O Distrito Federal e 15 estados atingiram no primeiro trimestre deste ano o maior rendimento médio mensal do trabalhador desde o início da série histórica em 2012. O conjunto de 16 unidades federativas acompanhou a tendência da média nacional, que ficou em R$ 3.722, valor recorde segundo a pesquisa.

Os números fazem parte da Pesquisa Nacional por Amostra de Domicílios Contínua (Pnad Contínua), divulgada nesta quinta-feira (14) pelo Instituto Brasileiro de Geografia e Estatística (IBGE). A investigação considera pessoas com 14 anos ou mais e todas as formas de ocupação, incluindo trabalho com e sem carteira assinada, temporário e por conta própria.

No Distrito Federal, o rendimento médio do trabalhador alcançou R$ 6.720, valor 81% superior à média nacional. Esse montante é exatamente três vezes o registrado no Maranhão (R$ 2.240), que, apesar de recorde para o estado, foi o menor entre as unidades da federação. O IBGE ressalta que a presença expressiva de servidores públicos na capital federal contribui para o patamar mais elevado do DF.

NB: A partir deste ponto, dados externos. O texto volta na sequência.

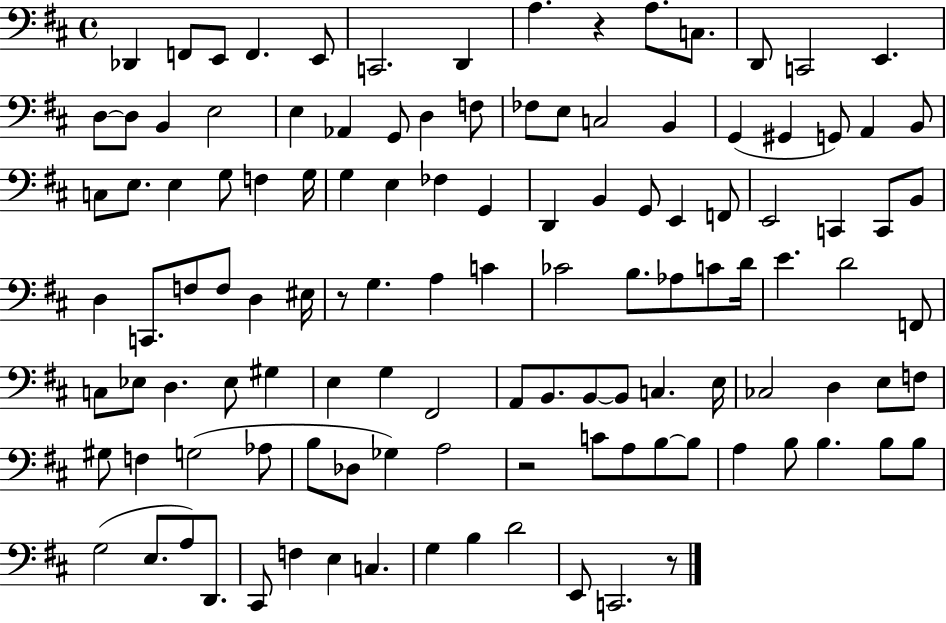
Db2/q F2/e E2/e F2/q. E2/e C2/h. D2/q A3/q. R/q A3/e. C3/e. D2/e C2/h E2/q. D3/e D3/e B2/q E3/h E3/q Ab2/q G2/e D3/q F3/e FES3/e E3/e C3/h B2/q G2/q G#2/q G2/e A2/q B2/e C3/e E3/e. E3/q G3/e F3/q G3/s G3/q E3/q FES3/q G2/q D2/q B2/q G2/e E2/q F2/e E2/h C2/q C2/e B2/e D3/q C2/e. F3/e F3/e D3/q EIS3/s R/e G3/q. A3/q C4/q CES4/h B3/e. Ab3/e C4/e D4/s E4/q. D4/h F2/e C3/e Eb3/e D3/q. Eb3/e G#3/q E3/q G3/q F#2/h A2/e B2/e. B2/e B2/e C3/q. E3/s CES3/h D3/q E3/e F3/e G#3/e F3/q G3/h Ab3/e B3/e Db3/e Gb3/q A3/h R/h C4/e A3/e B3/e B3/e A3/q B3/e B3/q. B3/e B3/e G3/h E3/e. A3/e D2/e. C#2/e F3/q E3/q C3/q. G3/q B3/q D4/h E2/e C2/h. R/e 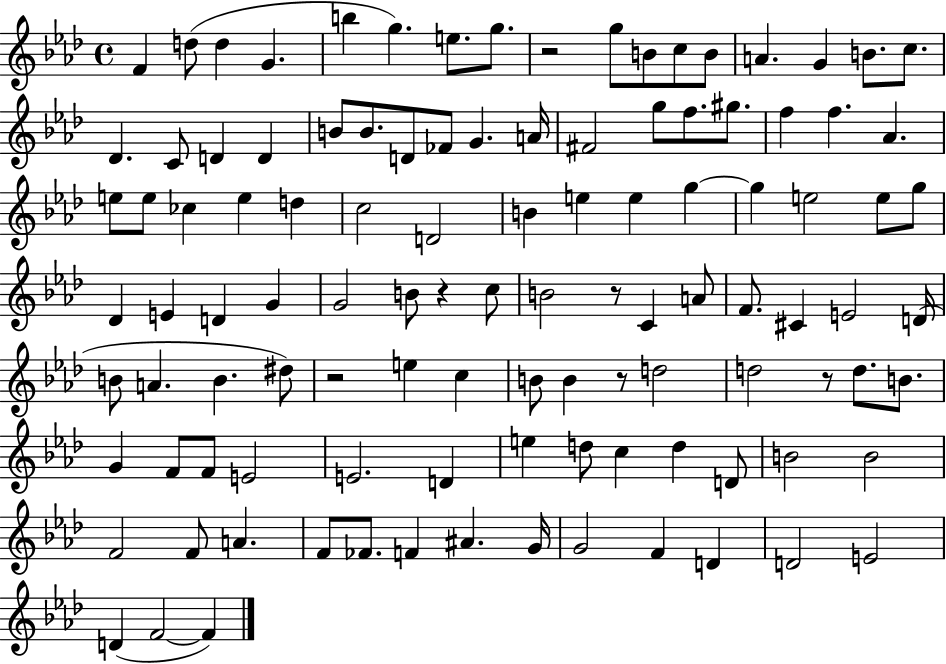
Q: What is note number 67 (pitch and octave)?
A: E5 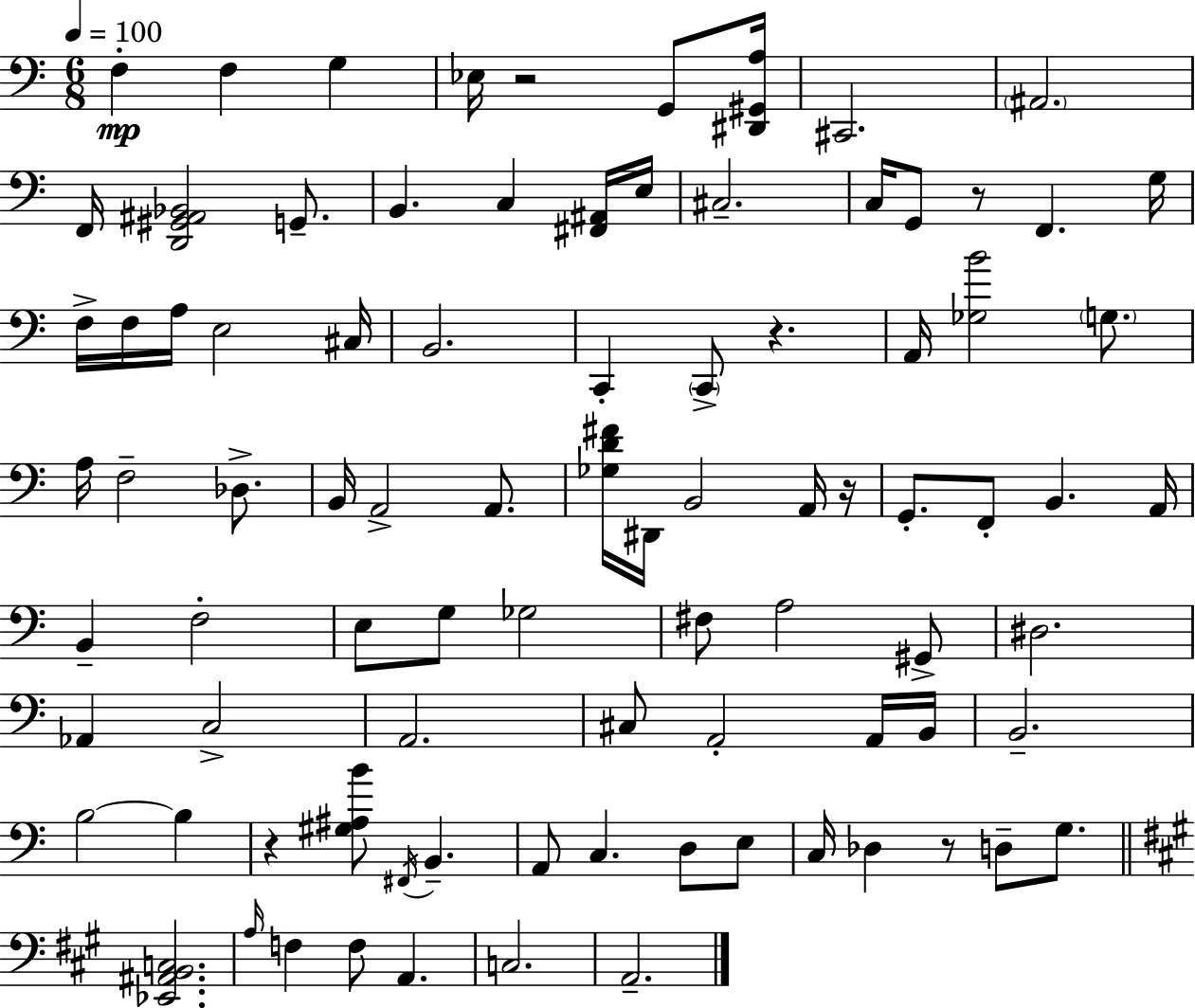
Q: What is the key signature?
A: C major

Unidades da Federação com rendimento médio do trabalhador em recorde no 1º trimestre e respectivos valores:

  • Distrito Federal: R$ 6.720
  • Santa Catarina: R$ 4.298
  • Paraná: R$ 4.180
  • Rio Grande do Sul: R$ 4.127
  • Goiás: R$ 3.878
  • Mato Grosso do Sul: R$ 3.768
  • Espírito Santo: R$ 3.708
  • Minas Gerais: R$ 3.448
  • Amapá: R$ 3.412
  • Sergipe: R$ 3.031
  • Rio Grande do Norte: R$ 2.953
  • Paraíba: R$ 2.806
  • Piauí: R$ 2.628
  • Ceará: R$ 2.597
  • Bahia: R$ 2.483
  • Maranhão: R$ 2.240

Por regiões, três das cinco alcançaram recorde no rendimento médio mensal do trabalhador no período: Centro-Oeste, com R$ 4.379; Sul, com R$ 4.193; e Nordeste, com R$ 2.616. As demais regiões apresentaram os seguintes patamares: Sudeste R$ 4.125 e Norte R$ 2.849.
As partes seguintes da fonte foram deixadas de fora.